§ TO DO
Repeat word for word, please, only the lines of the material from the one containing "How do you represent" through its final line, both ends included.

++++ WORKING DATA

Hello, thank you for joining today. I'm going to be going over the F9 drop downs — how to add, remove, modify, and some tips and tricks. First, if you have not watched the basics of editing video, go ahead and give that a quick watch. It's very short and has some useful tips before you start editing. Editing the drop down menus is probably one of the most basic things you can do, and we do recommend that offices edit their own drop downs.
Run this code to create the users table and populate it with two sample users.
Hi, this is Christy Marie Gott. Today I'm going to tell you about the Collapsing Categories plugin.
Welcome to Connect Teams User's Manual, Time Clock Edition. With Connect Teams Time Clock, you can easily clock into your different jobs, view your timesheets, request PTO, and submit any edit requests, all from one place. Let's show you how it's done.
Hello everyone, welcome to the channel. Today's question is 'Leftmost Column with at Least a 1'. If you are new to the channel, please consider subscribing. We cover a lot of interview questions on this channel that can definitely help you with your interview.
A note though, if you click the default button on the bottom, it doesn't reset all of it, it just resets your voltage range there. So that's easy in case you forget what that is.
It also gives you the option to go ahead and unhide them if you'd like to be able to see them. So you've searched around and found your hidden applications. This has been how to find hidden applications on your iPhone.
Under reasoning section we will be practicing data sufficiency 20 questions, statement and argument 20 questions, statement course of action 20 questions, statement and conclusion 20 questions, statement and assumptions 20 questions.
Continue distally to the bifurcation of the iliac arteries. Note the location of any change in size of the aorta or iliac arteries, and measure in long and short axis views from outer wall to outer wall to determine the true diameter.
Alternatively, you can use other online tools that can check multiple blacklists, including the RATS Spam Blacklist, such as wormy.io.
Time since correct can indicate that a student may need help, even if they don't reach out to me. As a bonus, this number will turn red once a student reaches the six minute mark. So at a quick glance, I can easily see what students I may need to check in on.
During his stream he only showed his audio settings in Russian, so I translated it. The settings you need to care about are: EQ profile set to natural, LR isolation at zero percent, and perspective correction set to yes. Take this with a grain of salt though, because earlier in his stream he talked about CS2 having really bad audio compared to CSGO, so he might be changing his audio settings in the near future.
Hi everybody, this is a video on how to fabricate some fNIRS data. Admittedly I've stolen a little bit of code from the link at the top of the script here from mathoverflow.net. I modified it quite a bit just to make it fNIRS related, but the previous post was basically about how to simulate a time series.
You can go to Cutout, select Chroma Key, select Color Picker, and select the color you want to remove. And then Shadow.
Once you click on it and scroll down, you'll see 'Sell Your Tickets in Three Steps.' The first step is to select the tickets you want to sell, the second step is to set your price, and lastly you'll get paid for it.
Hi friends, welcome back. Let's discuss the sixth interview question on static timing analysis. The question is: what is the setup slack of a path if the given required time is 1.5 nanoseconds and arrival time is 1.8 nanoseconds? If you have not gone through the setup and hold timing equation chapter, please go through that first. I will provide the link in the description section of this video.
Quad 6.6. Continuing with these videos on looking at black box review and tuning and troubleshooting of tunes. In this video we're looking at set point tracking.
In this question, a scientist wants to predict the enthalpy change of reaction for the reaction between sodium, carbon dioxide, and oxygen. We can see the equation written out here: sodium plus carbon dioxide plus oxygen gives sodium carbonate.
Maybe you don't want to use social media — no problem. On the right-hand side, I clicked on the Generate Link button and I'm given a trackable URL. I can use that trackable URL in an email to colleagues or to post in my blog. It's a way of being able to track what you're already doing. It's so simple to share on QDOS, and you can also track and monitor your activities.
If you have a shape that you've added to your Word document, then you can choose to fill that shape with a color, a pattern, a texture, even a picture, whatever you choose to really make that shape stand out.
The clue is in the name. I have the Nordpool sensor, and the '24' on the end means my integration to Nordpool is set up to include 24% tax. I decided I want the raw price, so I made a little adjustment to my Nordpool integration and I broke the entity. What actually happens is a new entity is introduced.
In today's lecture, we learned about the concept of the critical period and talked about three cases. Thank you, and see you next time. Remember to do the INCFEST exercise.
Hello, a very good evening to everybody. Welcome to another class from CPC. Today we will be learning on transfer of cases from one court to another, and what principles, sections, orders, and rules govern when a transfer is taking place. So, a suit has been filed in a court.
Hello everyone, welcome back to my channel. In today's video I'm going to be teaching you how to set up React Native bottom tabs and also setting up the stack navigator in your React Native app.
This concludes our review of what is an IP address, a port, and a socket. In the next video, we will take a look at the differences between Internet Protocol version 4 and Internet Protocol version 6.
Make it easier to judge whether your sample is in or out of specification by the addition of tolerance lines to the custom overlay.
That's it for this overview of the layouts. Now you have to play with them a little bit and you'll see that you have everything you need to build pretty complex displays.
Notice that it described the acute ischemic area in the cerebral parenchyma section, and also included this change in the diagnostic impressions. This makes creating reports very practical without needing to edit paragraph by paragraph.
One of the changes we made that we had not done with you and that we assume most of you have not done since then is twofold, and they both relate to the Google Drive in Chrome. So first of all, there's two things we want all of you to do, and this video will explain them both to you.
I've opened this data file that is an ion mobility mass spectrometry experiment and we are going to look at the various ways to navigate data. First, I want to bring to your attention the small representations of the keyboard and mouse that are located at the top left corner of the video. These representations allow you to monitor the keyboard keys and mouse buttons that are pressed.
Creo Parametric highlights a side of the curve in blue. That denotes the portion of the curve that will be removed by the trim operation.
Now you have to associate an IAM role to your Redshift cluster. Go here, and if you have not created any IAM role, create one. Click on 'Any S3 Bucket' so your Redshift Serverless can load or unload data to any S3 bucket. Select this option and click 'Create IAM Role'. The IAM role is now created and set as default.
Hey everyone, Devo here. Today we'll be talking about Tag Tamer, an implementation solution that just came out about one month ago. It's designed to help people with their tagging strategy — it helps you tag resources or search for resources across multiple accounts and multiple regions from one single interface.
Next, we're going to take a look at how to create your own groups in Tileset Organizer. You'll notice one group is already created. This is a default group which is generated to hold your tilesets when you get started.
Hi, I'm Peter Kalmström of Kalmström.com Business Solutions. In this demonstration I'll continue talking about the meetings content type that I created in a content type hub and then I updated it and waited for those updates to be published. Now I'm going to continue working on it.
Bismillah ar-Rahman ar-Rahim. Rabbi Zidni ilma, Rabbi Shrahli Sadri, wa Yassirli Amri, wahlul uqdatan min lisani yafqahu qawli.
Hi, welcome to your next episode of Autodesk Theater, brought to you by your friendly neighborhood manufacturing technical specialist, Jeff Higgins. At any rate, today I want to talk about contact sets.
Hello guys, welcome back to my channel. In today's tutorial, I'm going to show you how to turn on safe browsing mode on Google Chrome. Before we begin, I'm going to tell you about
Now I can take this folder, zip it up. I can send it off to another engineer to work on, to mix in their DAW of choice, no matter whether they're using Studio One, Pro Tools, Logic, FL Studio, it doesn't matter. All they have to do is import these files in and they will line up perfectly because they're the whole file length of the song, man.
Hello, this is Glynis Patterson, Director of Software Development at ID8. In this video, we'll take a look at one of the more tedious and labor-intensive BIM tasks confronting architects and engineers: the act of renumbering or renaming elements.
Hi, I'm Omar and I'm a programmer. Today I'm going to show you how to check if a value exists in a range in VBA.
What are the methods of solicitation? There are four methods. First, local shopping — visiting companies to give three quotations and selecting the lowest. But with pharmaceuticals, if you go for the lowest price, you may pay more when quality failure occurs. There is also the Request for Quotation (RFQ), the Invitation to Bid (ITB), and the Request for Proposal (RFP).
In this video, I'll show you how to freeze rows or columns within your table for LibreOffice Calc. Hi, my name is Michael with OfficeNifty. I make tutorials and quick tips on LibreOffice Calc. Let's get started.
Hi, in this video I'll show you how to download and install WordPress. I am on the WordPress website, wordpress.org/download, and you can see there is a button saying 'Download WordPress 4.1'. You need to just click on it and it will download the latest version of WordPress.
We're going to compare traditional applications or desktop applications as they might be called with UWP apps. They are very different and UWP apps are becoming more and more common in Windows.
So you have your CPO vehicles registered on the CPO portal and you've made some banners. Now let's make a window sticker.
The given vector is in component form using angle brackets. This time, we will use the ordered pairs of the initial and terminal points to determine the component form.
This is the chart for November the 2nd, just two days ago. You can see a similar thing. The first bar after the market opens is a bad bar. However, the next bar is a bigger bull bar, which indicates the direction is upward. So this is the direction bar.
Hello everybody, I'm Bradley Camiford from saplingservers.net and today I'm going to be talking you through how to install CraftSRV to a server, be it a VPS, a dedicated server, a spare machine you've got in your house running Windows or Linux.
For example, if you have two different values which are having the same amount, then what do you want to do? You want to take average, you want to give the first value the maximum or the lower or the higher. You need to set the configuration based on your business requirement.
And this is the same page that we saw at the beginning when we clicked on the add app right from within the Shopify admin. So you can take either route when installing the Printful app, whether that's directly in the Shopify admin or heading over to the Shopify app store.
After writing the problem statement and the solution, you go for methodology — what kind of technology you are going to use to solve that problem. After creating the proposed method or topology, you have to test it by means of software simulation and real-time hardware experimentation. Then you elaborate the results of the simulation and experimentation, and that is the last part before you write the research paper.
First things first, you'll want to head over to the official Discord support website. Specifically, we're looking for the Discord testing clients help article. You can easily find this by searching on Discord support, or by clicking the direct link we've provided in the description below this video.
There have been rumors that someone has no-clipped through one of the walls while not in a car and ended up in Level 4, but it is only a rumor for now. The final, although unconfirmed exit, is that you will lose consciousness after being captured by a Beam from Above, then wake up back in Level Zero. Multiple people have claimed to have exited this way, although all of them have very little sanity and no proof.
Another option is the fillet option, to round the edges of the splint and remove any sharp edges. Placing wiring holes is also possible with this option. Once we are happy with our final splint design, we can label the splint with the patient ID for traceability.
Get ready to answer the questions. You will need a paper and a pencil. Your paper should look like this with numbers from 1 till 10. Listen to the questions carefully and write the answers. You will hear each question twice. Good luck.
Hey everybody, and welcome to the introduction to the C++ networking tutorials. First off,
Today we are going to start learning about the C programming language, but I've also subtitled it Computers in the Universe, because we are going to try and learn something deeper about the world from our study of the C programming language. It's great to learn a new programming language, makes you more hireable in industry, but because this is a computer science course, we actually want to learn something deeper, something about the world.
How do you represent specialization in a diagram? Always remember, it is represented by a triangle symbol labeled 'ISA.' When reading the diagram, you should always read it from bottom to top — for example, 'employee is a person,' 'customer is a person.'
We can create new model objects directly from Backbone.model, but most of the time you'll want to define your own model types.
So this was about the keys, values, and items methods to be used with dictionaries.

++++++++

§ WRITTEN REPLY
How do you represent specialization in a diagram? Always remember, it is represented by a triangle symbol labeled 'ISA.' When reading the diagram, you should always read it from bottom to top — for example, 'employee is a person,' 'customer is a person.'
We can create new model objects directly from Backbone.model, but most of the time you'll want to define your own model types.
So this was about the keys, values, and items methods to be used with dictionaries.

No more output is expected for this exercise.